What is needed is the exact text of each line in the listing below from the one with "二手新大洲本田CB190TR" up to and including the one with "7004 Poplar Ave, Takoma", and no pictures.
---------- Material to process
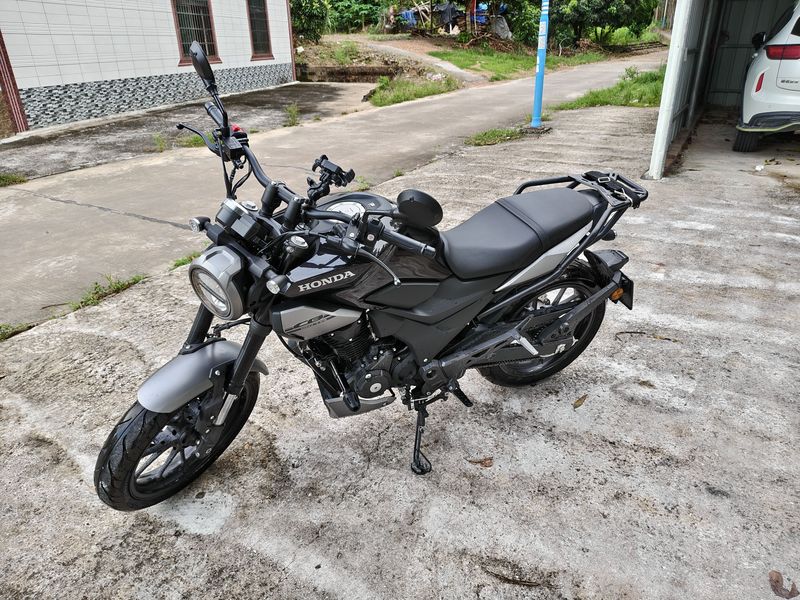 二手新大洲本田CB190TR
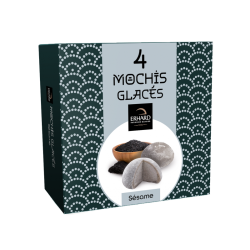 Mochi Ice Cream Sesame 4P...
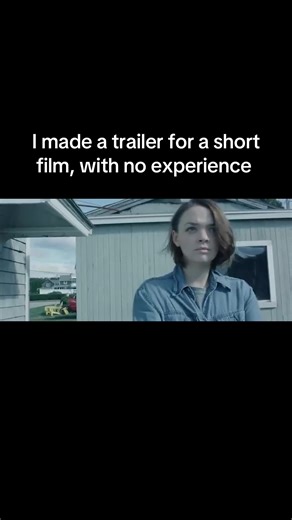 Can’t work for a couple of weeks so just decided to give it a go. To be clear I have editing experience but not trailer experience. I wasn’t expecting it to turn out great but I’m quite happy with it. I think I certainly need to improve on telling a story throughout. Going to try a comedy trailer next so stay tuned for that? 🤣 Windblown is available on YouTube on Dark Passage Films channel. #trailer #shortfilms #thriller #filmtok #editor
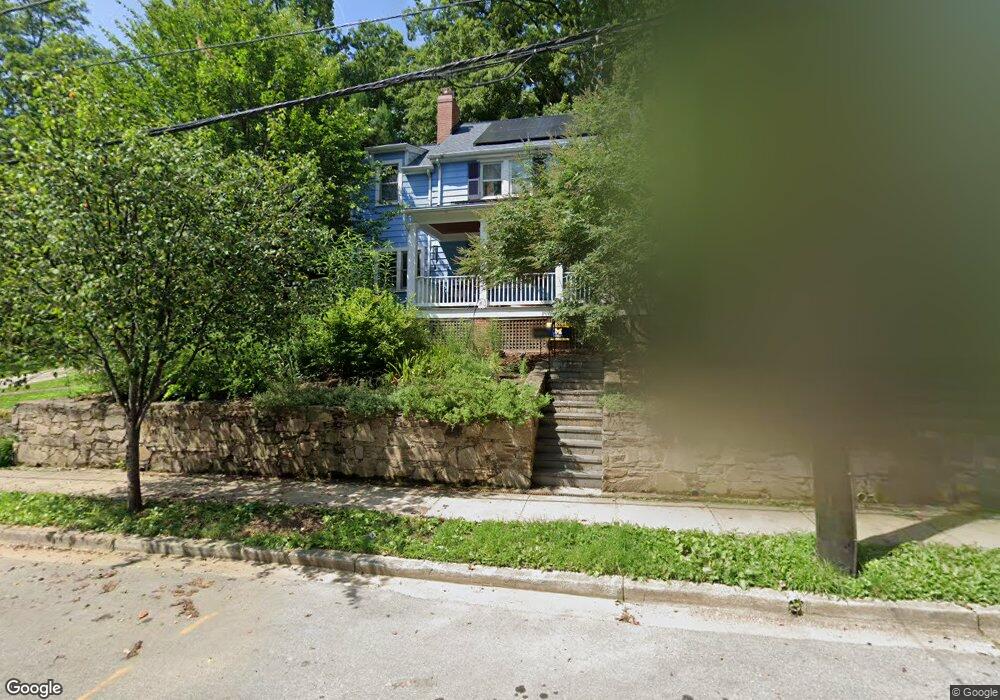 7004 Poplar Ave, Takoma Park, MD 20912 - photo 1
--------------------
---------- Material to process
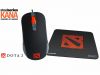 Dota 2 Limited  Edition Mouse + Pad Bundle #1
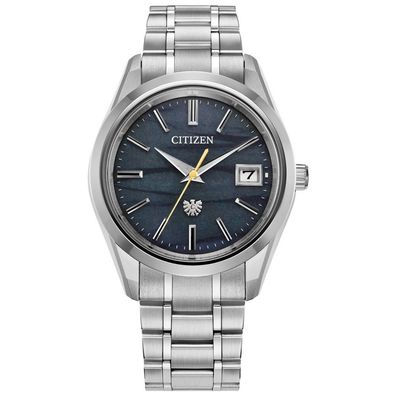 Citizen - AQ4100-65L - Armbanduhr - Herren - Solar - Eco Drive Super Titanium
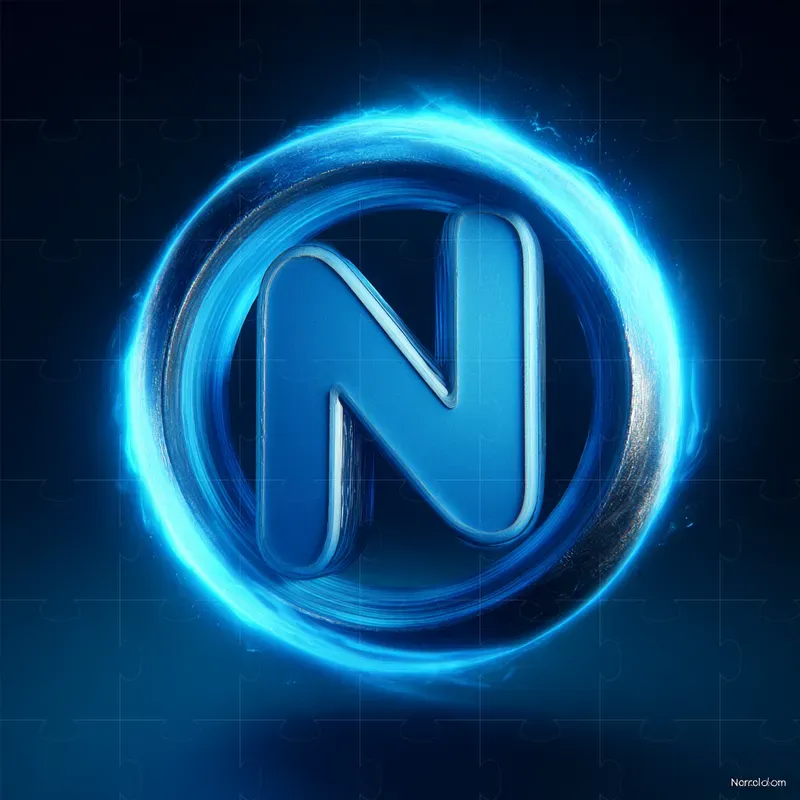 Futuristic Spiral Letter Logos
--------------------
> **Task output**
 二手新大洲本田CB190TR
 Mochi Ice Cream Sesame 4P...
 Can’t work for a couple of weeks so just decided to give it a go. To be clear I have editing experience but not trailer experience. I wasn’t expecting it to turn out great but I’m quite happy with it. I think I certainly need to improve on telling a story throughout. Going to try a comedy trailer next so stay tuned for that? 🤣 Windblown is available on YouTube on Dark Passage Films channel. #trailer #shortfilms #thriller #filmtok #editor
 7004 Poplar Ave, Takoma Park, MD 20912 - photo 1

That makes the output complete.